- _EXERCISE INSTRUCTIONS_: Exactly reproduce the lines from the line bearing "WPTokoonline theme websites examples" through the end of the listing, inclusive of both; pictures are to be omitted.

- _EXERCISE INPUTS_:
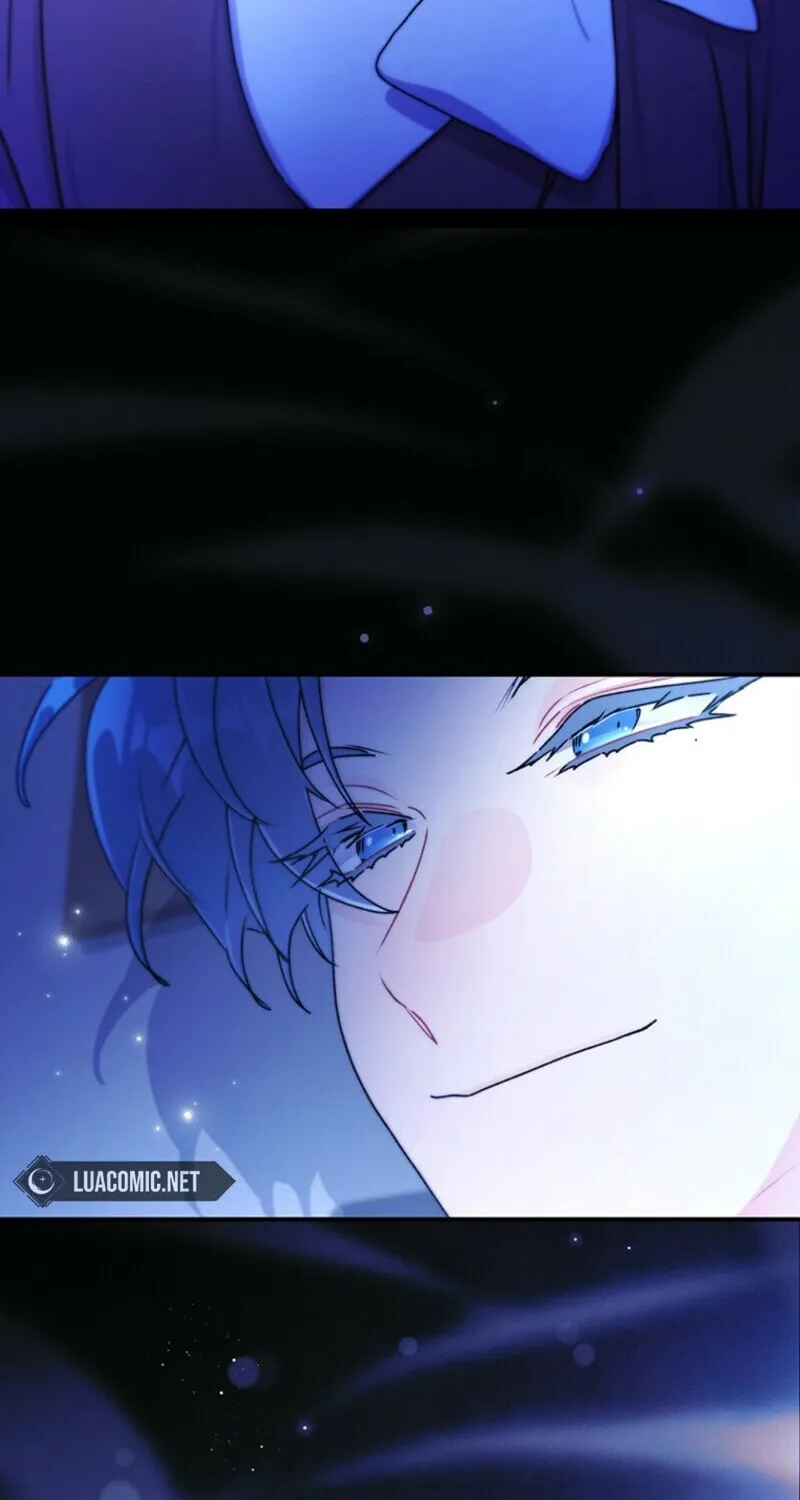 The Male Lead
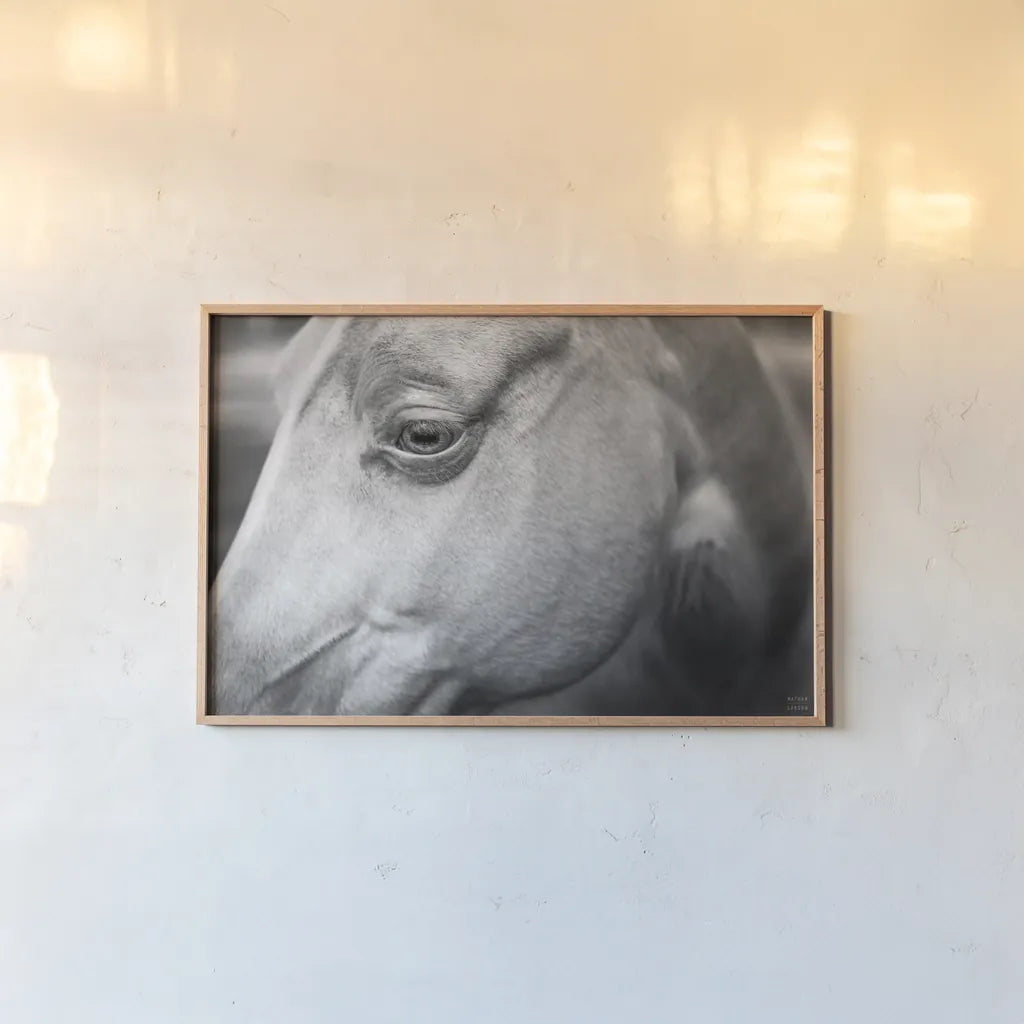 Willow by Nathan Larson. shown as a paper print in a natural frame. Available as a archival giclee rolled canvas, fine art paper, or poster print. SKU 97615i.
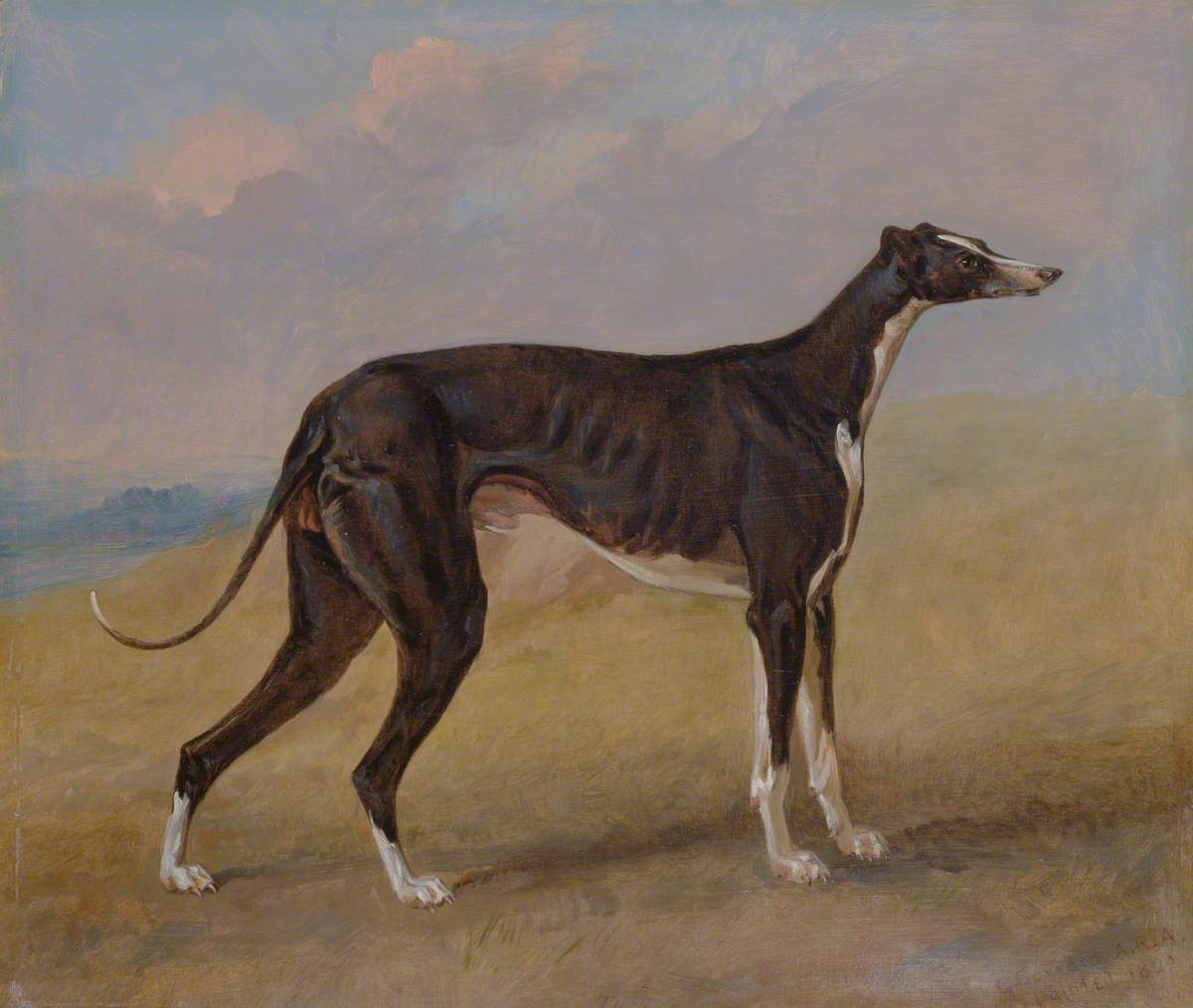 Turk, a Greyhound, the Property of George Lane Fox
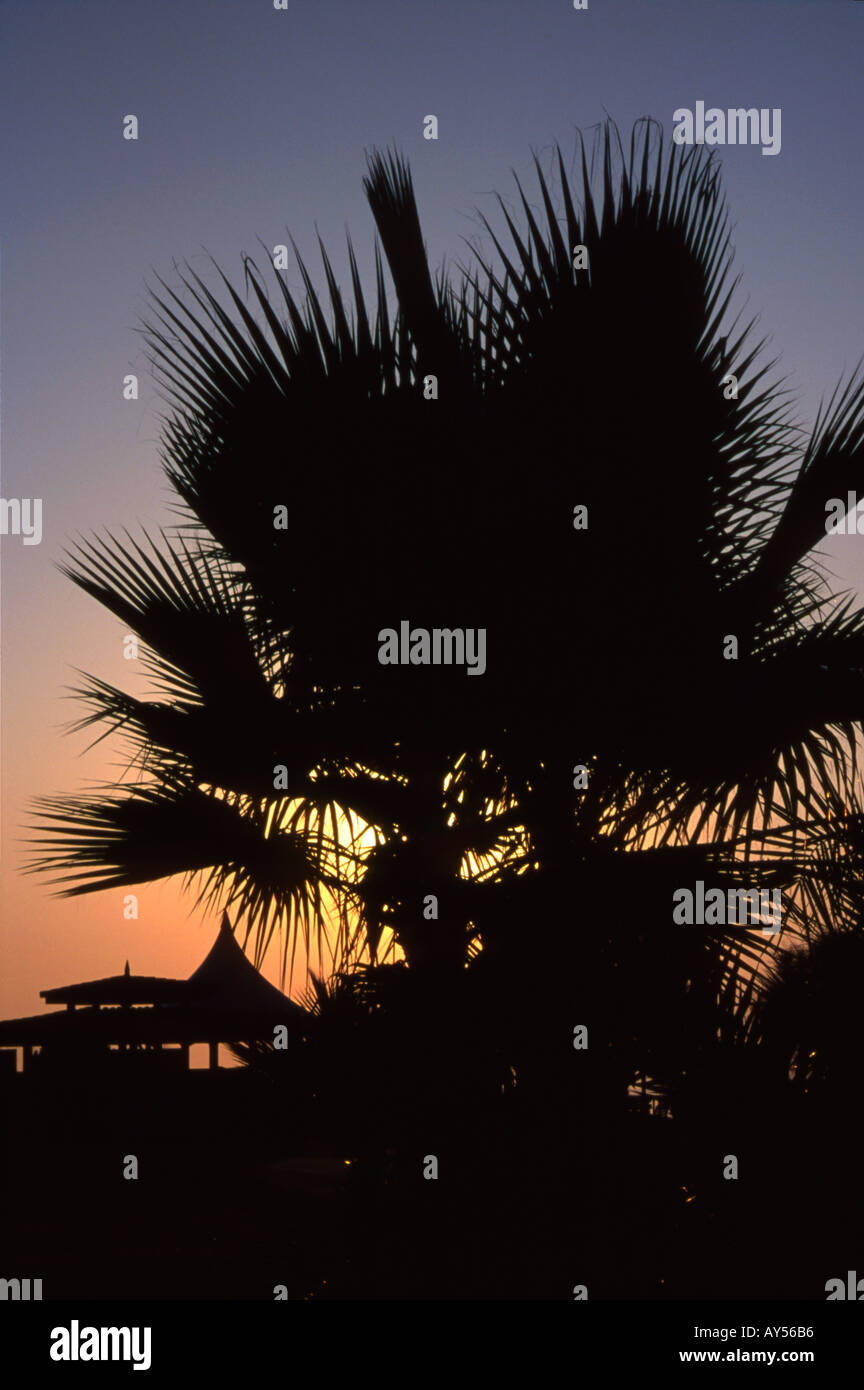 holiday resort palm sunset Stock Photo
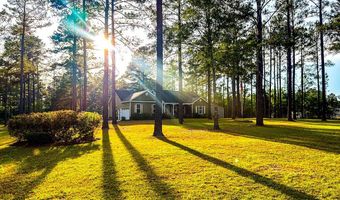 353 Alapaha River Dr, Alapaha, GA 31622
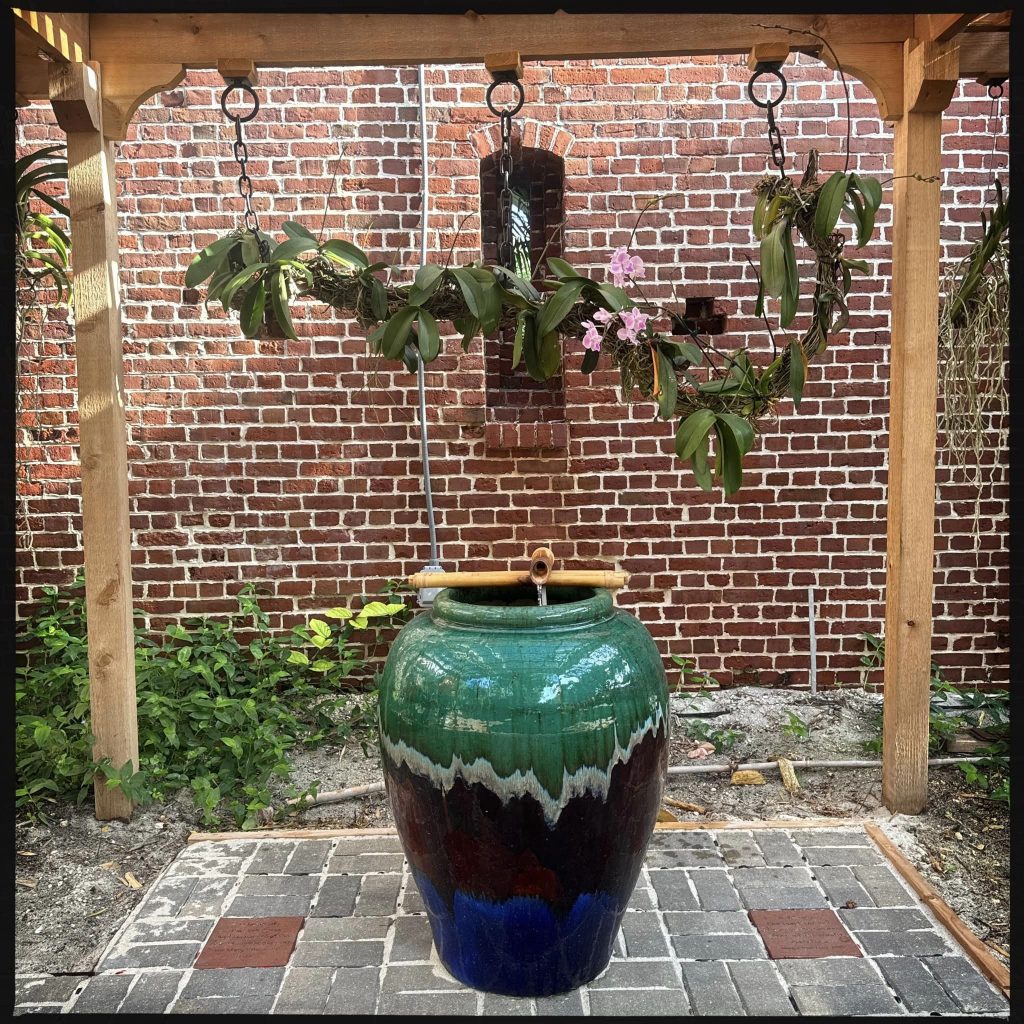 vanda arbor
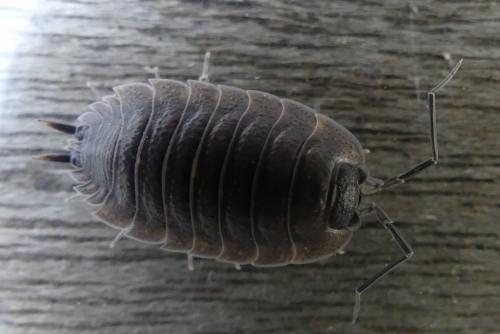 Réf. 300 573 : Porcellio orarum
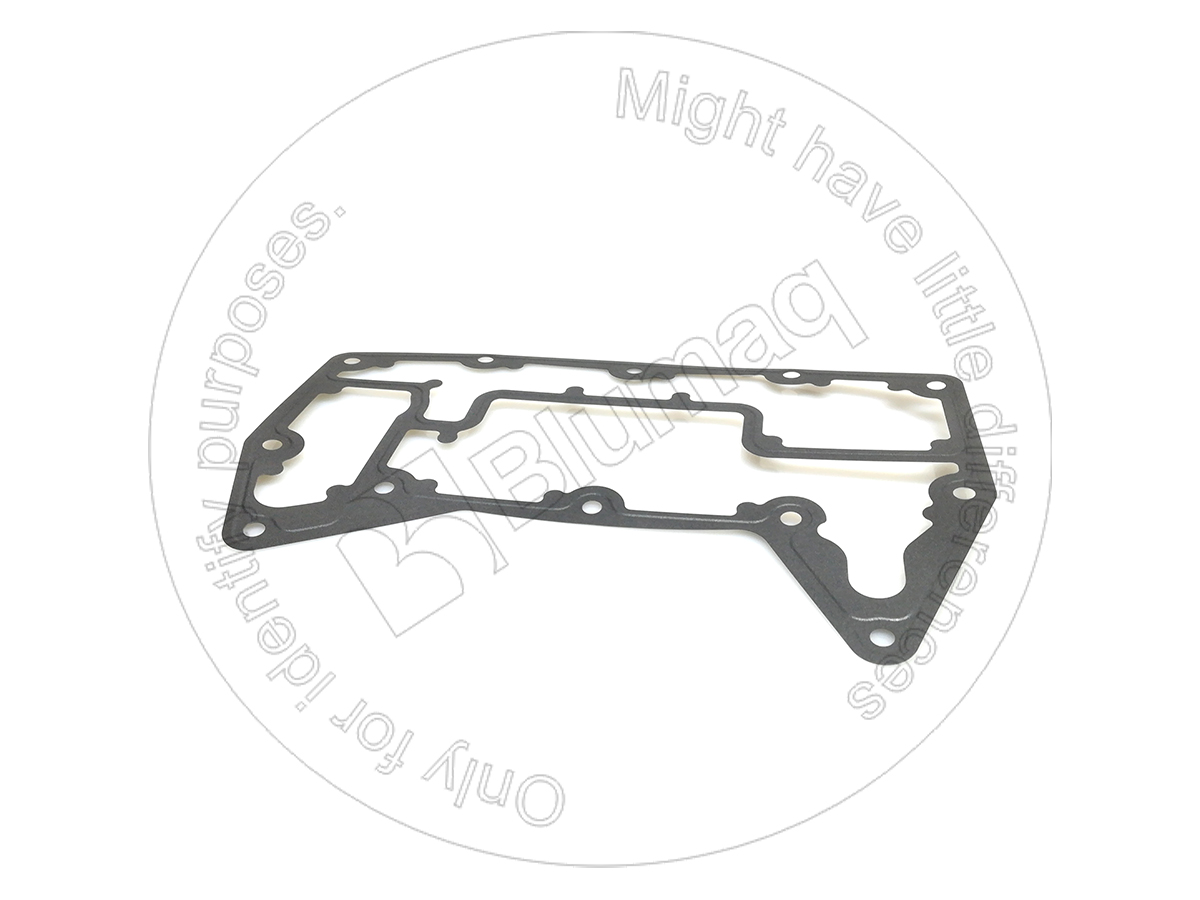 209-7290 Gasket for BLUMAQ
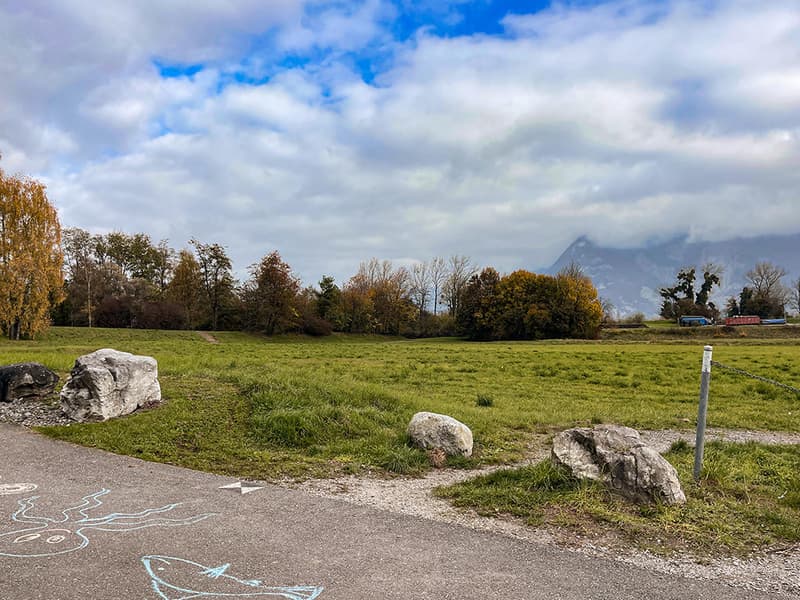EVIONNAZ ALENTOURS - TERRAIN EXCEPTIONNEL (1)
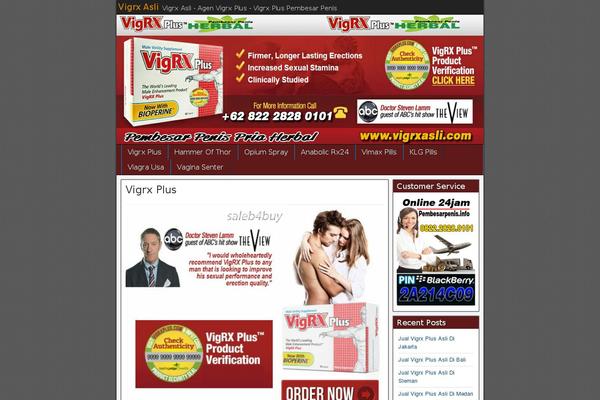 WPTokoonline theme websites examples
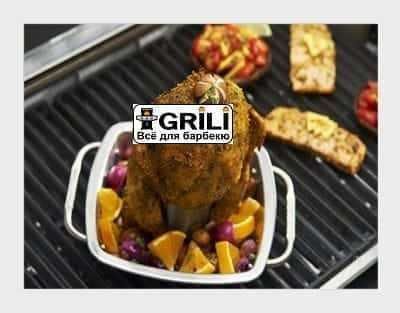 Стійка для курки з піддоном для жиру Broil King 69133 GR_003332 фото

- _SOLUTION FOR THIS EXERCISE_:
 WPTokoonline theme websites examples
 Стійка для курки з піддоном для жиру Broil King 69133 GR_003332 фото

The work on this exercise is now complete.